A distância também funciona

Ao longo dessa quase uma década desde a minha aprovação, o mundo dos concursos públicos sofreu profundas transformações. Talvez a mais significativa seja a disseminação do ensino a distância. Quando eu iniciei os estudos, mesmo a internet não era acessível para qualquer pessoa. Quem não tinha boas condições financeiras (como era o meu caso) não tinha internet ou, se tivesse, a conexão era por meio de linha discada – um horror de lentidão. Mas a tecnologia se desenvolveu absurdamente e está cada vez mais disponível para outros segmentos da sociedade, com a invasão de computadores e celulares com internet.

Os cursos preparatórios, atentos a essa oportunidade, criaram os cursos a distância, que vieram democratizar verdadeiramente o conhecimento e o acesso às vagas no setor público em todo o país.

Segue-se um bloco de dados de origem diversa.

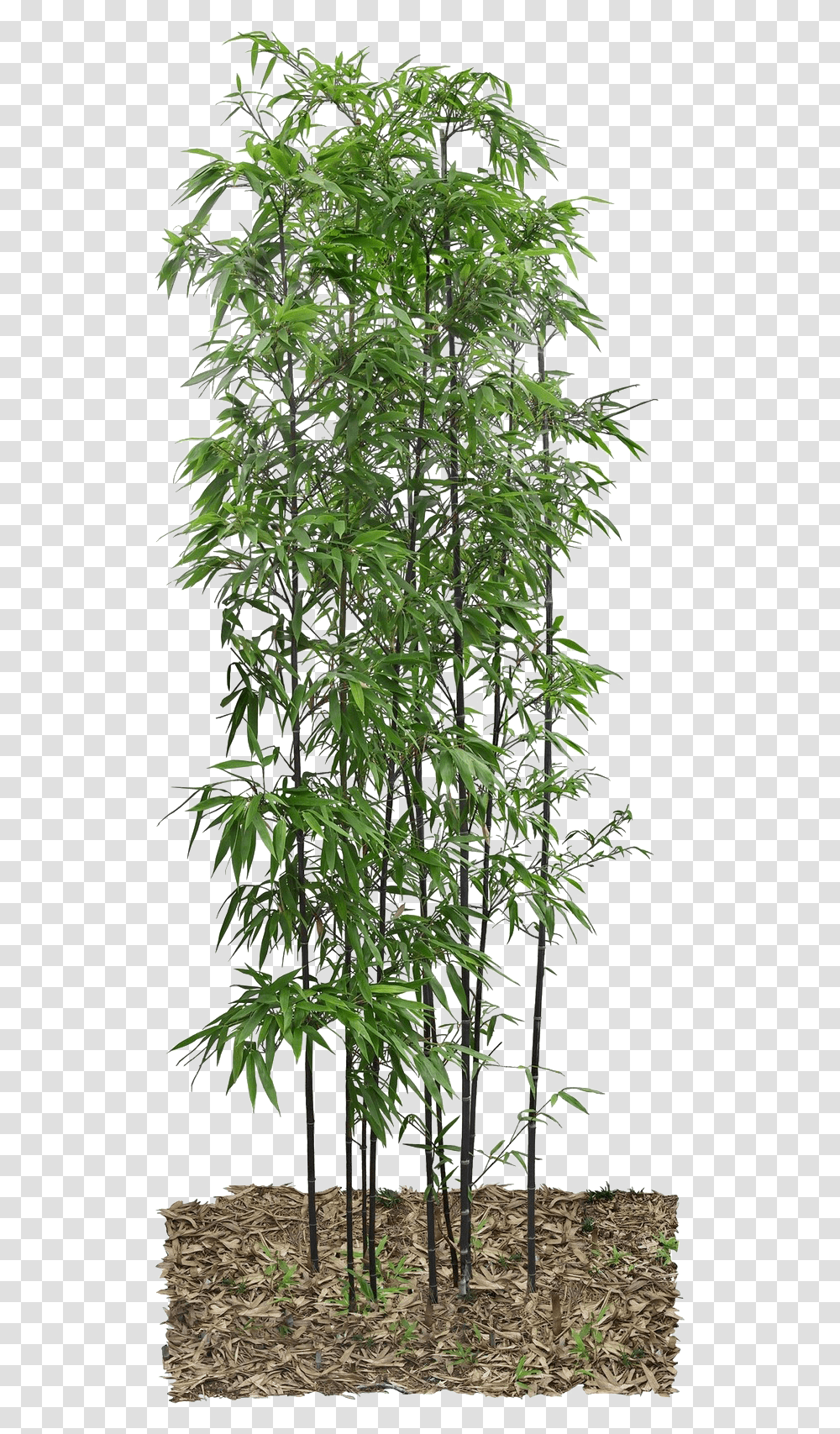 Real Bamboo Tree Images Bamboo, Plant, Vegetation, Bush, Potted Plant Transparent Png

Os cursos on-line, via internet, são muito úteis para quem está longe de um grande centro e não tem acesso a um curso presencial. E também para quem está num grande centro e prefere economizar tempo e despesa com deslocamento. Ou, ainda, para quem não tem possibilidade de assistir às aulas em horário convencionais – o curso via internet pode ser assistido no horário mais conveniente para o candidato. Alguns cursos permitem que o aluno assista a cada aula diversas vezes; outros deixam o curso disponível para o acesso ilimitado por período determinado de tempo (por alguns meses). Se o candidato estiver com mais dificuldade em alguma matéria, esse também é um excelente recurso, já que o possível interromper e repetir a explicação quantas vezes for preciso até a perfeita compreensão do assunto.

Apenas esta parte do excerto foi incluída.